- **Entries provided**
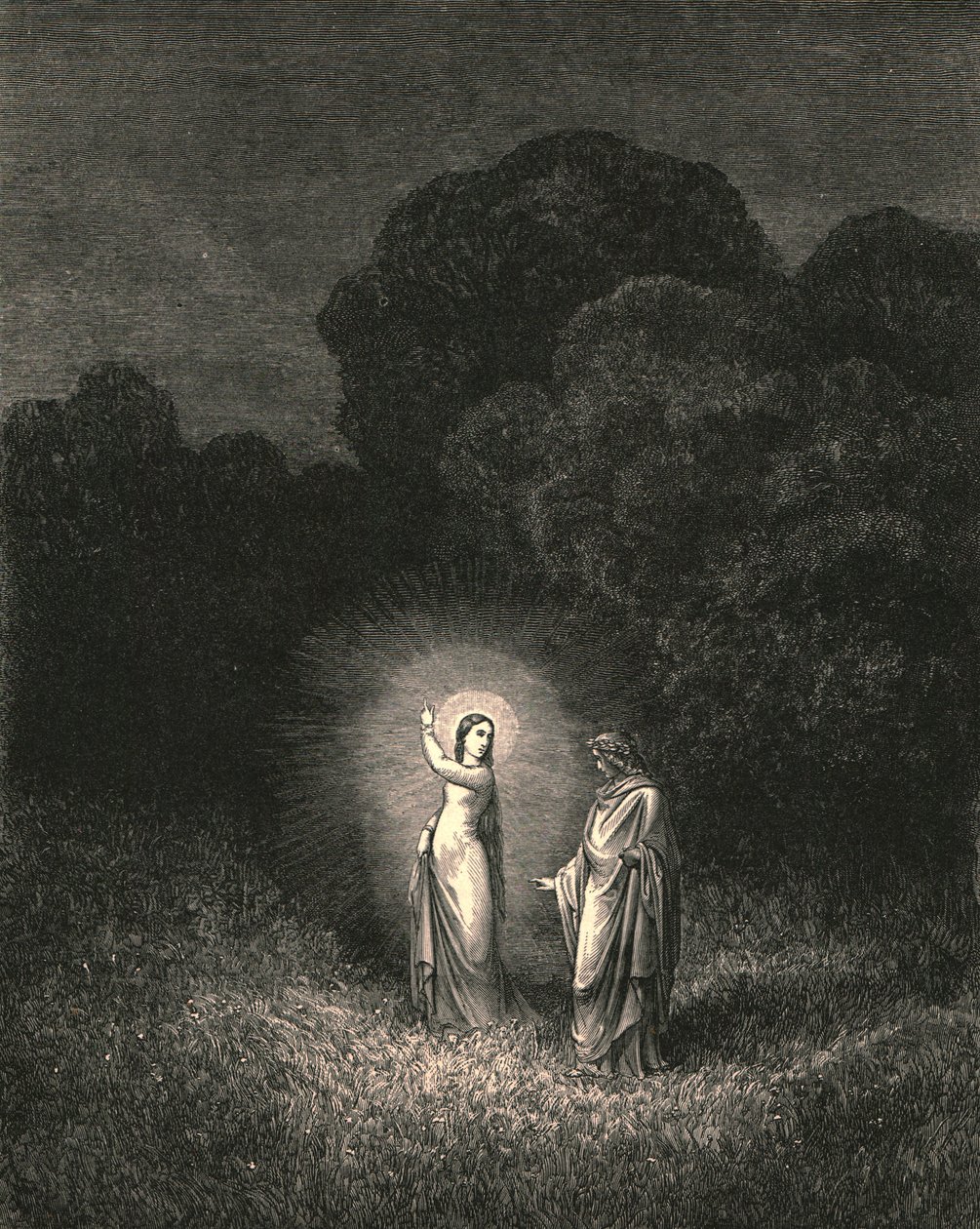 Minä, joka nyt tarjoan sinulle tämän tehtävän, olen Beatrice, 1890. tekijältä Gustave Dore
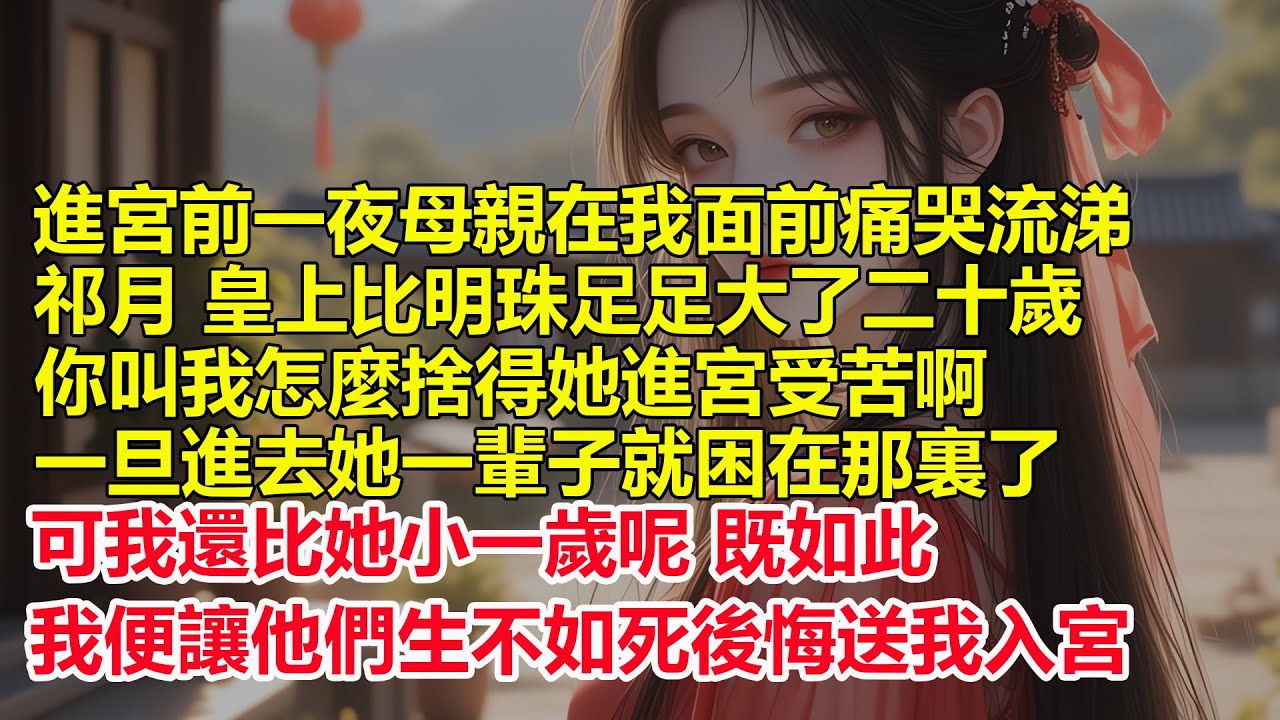 在進宮前一夜母親在我面前痛哭流涕，祁月，皇上比明珠大了足足二十歲，你叫我怎麼捨得她進宮受苦啊，一旦進去她一輩子就困在那裏了，可我還比她小一歲呢，既如此我便讓他們生不如死，後悔送我入宮...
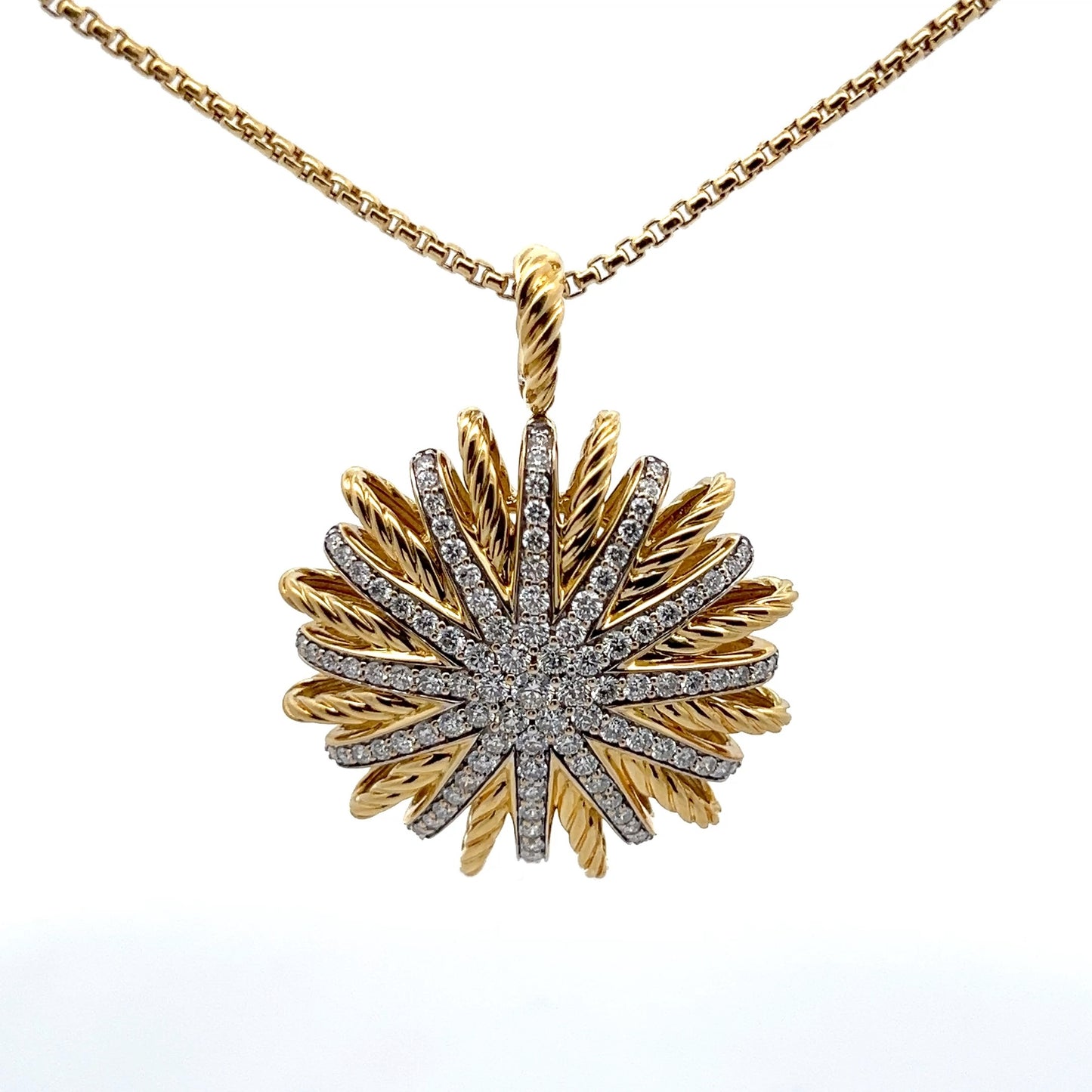 18K Yellow Gold Sun Diamond Pendant - 18" Chain Necklace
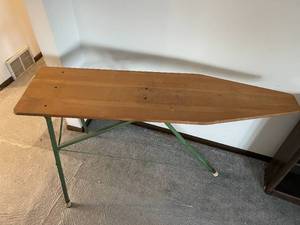 lot 140 image: Vintage Collapsible Wood Top Ironing Board With Metal Legs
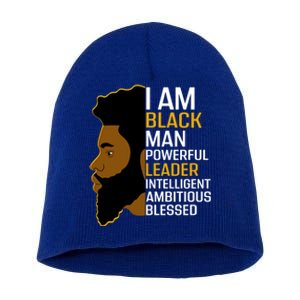 I Am Black Powerful Leader Black King African American Gift Short Acrylic Beanie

- **What the task asks**
Leave the pictures out and reproduce every record above exactly.

- **Finished exercise**
 Minä, joka nyt tarjoan sinulle tämän tehtävän, olen Beatrice, 1890. tekijältä Gustave Dore
 在進宮前一夜母親在我面前痛哭流涕，祁月，皇上比明珠大了足足二十歲，你叫我怎麼捨得她進宮受苦啊，一旦進去她一輩子就困在那裏了，可我還比她小一歲呢，既如此我便讓他們生不如死，後悔送我入宮...
 18K Yellow Gold Sun Diamond Pendant - 18" Chain Necklace
 lot 140 image: Vintage Collapsible Wood Top Ironing Board With Metal Legs
 I Am Black Powerful Leader Black King African American Gift Short Acrylic Beanie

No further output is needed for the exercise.